It is also worth pointing out that Germany may have recently tried to weaken its position on sanctions (but see point 8, the EU below) it has hinted it wouldn’t oppose air strikes either. France under Sarkozy has become more supportive of a hard line – but France isn’t risking much by doing so – except possibly some of its UN troops in Lebanon (see point 1 above).

5. The confusing signals coming out of Iran may be due to power struggles within the state itself.

One problem for Western governments dealing with non-Western states is that they can be very different. It is not simply just cultural or historical differences (although they do exist) but that there is often a confused and overlapping hierarchy. Iran’s is worse than most.
A simple example is that there are two armed forces – the Regular one and the Revolutionary Guard. The RGs are more than just an army, they also have a secret service, numerous businesses and political organisations. In addition, they control Iran’s strategic weapons (including all its rocket forces). It is they – not the regular forces – who are heavily committed in Iraq. It was their naval forces who did the initial seizure of the British troops. Ahmadinejad’s power base is the RG (interestingly he was one of the RGs who held the US embassy staff hostage in 1979).
Obviously, too much can be made of splits within a hard-line regime (and in IR there are far too many premature prophecies). But in this case, some Iranian officials may well have spent as much time trying to find out themselves what was happening as dealing with the British government. The upshot of this is it makes getting agreements and understandings much longer and trying to work out who is to blame for specific violations of norms much harder. Finally, it makes that state as a whole more unpredictable and that region (and maybe ultimately the International System) more unstable.
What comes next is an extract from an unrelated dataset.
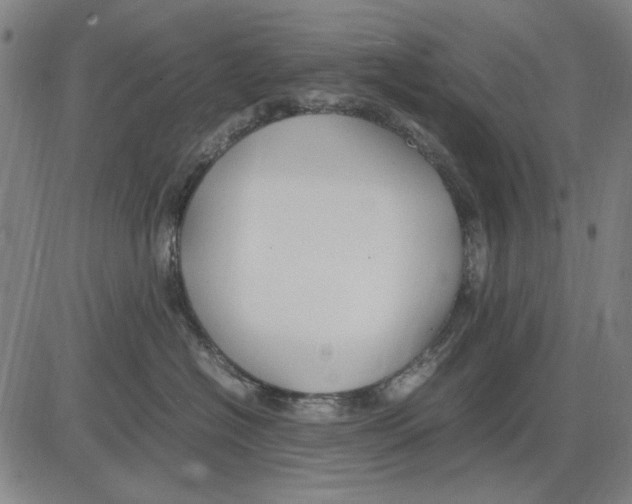 X0000083660574200703121814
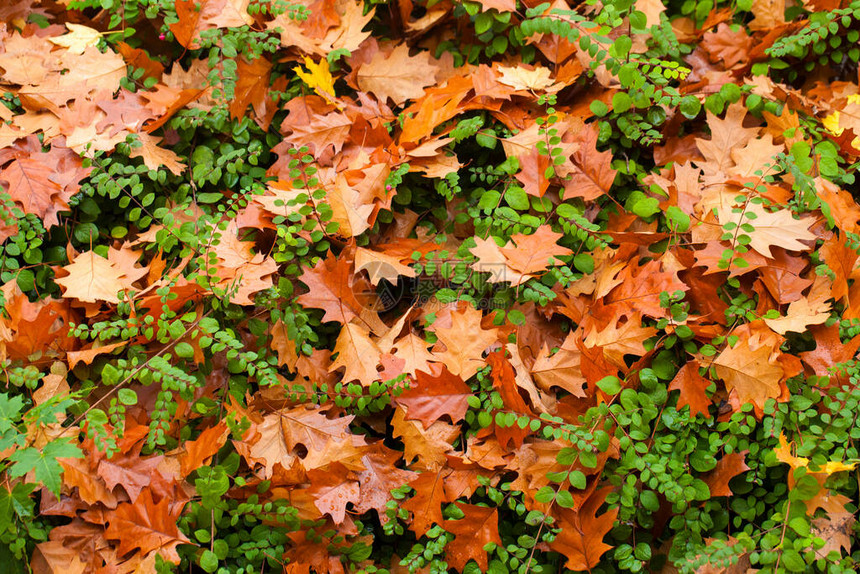 自然相片中的秋叶AturnAustumon图片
A note on Iran’s missile programme. This was developed as a result of Iran’s experiences in the Iran-Iraq War (1980 – 88). Iran suffered from rocket strikes on its cities and chemical strikes on its troops. The Iranians concluded that if they acquired both types of weapon, then Iraq wouldn’t have used their rockets and chemicals through fear of counter-strikes. Certainly this theory held true in WW2. Also Iraq’s WMD programme that UN uncovered in the 1990’s was designed to used against Iran rather than the West. (Ask me another time for more details). With North Korea’s experiences in 1994, Iran concluded that a nuclear weapon would cause even the US to pause, even if the Iranians were incapable of hitting a US city. So Iran’s WMD programmes can be seen as being defensive from one point of view.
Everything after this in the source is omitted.